If MINUSCA draws down without a credible, funded transition and FACA capacity gains, conflict risk rises materially through 2029–2031. If international support persists and DDR/ceasefire compliance expands, CAR could sustain a “managed insecurity” equilibrium with localized violence but fewer strategic threats to major cities. Sudan’s trajectory remains the main external swing factor.
Threat drivers CAR’s core risk is internal: fragmented armed groups, weak state presence outside key corridors, and recurring localized violence (notably in the southeast). Recent reporting indicates rising clashes in Haut-Mbomou linked to the breakdown of a prior alignment involving Azande Ani Kpi Gbe and state-aligned forces, consistent with CAR’s pattern of shifting militia bargains. Human rights reporting and protection-of-civilians incidents remain elevated, indicating persistent coercive capacity among armed actors and limited deterrence in remote areas.
External and regional accelerants The Sudan war increases cross-border armed movement, weapons circulation, and resource/land disputes along a porous frontier. This is more likely to produce raids, communal violence, and armed-group opportunism than a classic interstate conflict, but it still qualifies as direct involvement in significant armed conflict if sustained.
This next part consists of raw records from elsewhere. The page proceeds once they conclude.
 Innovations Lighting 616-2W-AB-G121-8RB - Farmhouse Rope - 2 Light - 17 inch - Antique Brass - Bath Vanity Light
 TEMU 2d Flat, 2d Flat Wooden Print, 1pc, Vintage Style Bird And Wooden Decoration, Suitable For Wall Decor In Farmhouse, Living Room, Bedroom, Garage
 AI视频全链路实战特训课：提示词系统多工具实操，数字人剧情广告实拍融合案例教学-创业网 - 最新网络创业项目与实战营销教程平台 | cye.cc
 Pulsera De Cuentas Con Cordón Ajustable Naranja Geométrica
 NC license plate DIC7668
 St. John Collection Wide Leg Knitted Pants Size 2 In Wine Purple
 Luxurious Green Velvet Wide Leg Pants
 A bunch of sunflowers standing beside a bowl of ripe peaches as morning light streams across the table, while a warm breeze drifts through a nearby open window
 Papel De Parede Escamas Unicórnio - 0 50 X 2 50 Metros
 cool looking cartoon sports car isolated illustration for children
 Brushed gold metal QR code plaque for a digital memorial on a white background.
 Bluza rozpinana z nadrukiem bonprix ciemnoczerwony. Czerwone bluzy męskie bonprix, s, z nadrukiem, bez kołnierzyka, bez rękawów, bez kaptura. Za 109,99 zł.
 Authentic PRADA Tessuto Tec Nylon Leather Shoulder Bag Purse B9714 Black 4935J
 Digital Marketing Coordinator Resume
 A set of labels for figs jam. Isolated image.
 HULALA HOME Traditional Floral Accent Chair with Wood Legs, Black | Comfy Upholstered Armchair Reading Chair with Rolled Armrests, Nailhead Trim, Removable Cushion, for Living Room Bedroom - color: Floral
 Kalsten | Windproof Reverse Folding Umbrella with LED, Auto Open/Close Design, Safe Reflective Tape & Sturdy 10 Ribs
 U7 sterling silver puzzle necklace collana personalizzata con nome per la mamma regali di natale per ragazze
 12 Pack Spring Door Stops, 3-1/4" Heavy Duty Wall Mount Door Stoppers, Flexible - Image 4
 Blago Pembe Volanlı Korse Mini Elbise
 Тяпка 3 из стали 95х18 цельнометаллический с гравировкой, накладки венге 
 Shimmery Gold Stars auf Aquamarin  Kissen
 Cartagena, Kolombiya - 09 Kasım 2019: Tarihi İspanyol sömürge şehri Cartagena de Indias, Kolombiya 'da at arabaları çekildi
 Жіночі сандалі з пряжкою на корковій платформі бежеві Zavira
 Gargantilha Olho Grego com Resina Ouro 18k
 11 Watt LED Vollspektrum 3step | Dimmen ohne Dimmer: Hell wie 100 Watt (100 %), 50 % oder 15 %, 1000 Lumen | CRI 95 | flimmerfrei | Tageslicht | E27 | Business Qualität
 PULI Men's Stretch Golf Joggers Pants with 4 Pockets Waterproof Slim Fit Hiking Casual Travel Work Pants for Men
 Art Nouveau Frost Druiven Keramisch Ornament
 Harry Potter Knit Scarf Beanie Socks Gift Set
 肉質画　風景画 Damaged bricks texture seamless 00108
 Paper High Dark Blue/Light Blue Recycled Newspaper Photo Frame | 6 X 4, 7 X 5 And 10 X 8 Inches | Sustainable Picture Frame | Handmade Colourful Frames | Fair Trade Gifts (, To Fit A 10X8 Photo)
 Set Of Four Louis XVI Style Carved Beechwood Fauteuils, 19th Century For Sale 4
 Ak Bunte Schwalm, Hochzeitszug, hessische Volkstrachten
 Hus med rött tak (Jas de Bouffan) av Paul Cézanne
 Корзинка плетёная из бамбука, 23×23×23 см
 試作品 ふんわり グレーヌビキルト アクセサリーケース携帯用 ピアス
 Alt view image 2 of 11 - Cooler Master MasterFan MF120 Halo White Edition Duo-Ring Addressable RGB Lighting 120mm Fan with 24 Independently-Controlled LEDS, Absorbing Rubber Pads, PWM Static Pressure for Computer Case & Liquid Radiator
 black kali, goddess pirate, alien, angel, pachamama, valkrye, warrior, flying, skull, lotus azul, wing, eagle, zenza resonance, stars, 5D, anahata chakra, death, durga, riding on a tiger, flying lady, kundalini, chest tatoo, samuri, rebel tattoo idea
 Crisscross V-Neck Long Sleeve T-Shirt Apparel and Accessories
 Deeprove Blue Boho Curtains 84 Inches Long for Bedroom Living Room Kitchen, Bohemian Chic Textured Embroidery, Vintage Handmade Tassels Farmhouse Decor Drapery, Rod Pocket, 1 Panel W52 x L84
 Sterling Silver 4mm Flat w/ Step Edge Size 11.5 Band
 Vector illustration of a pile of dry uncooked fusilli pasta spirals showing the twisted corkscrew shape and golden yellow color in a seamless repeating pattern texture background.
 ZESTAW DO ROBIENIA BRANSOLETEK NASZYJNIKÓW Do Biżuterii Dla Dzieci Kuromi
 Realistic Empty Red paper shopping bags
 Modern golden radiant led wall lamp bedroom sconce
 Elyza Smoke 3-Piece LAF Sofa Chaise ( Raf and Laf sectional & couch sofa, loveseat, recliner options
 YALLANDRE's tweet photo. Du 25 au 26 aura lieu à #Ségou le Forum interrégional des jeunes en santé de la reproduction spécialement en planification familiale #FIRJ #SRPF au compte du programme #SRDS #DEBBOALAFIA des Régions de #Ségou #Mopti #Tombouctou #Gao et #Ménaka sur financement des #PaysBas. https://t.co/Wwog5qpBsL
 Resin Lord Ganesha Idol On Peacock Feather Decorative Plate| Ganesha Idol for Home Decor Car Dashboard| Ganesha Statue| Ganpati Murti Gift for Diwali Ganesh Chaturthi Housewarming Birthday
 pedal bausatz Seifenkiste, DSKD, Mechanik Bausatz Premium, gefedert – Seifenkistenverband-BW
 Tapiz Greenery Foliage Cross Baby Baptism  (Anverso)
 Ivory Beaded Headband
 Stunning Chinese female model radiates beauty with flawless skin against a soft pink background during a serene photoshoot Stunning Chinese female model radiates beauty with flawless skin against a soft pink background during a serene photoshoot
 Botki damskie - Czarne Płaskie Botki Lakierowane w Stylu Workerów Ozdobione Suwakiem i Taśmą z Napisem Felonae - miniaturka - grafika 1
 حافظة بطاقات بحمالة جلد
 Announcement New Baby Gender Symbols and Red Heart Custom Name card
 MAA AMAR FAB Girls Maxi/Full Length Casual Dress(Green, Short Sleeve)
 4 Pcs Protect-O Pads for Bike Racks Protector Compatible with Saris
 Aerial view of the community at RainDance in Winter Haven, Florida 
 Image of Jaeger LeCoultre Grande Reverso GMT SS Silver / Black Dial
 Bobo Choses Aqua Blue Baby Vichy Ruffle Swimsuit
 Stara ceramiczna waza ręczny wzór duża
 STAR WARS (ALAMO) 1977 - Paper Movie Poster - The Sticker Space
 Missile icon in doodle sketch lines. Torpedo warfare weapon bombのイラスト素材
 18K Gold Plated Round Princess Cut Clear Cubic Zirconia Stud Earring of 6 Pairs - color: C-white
Regionally, weakened ECCAS cohesion reduces mediation and early-warning capacity, marginally raising escalation risk by lowering diplomatic “shock absorbers.”
Resilience and stabilizers (pre-mortem) Several mechanisms plausibly keep conflict below nationwide escalation: the post-December 2025 elections were comparatively calm; the government has expanded control in parts of the country; and ceasefire/demobilization efforts show some traction. MINUSCA remains the central systemic firebreak, providing logistics, civilian protection, and political support that reduces the probability of rapid rebel advances on major population centers. Local conflict-management deals on the Sudan border also demonstrate that micro-level bargains can dampen violence when backed by credible security presence.
Net assessment The balance remains unfavorable: CAR’s security improvements are real but heavily externally scaffolded, while armed-group fragmentation and border spillover create multiple pathways to renewed significant fighting. The most probable trajectory is continued “patchwork” conflict (peripheral but serious), not full state collapse; however, the baseline likelihood of significant armed conflict involvement remains high given weak institutions and persistent armed competition.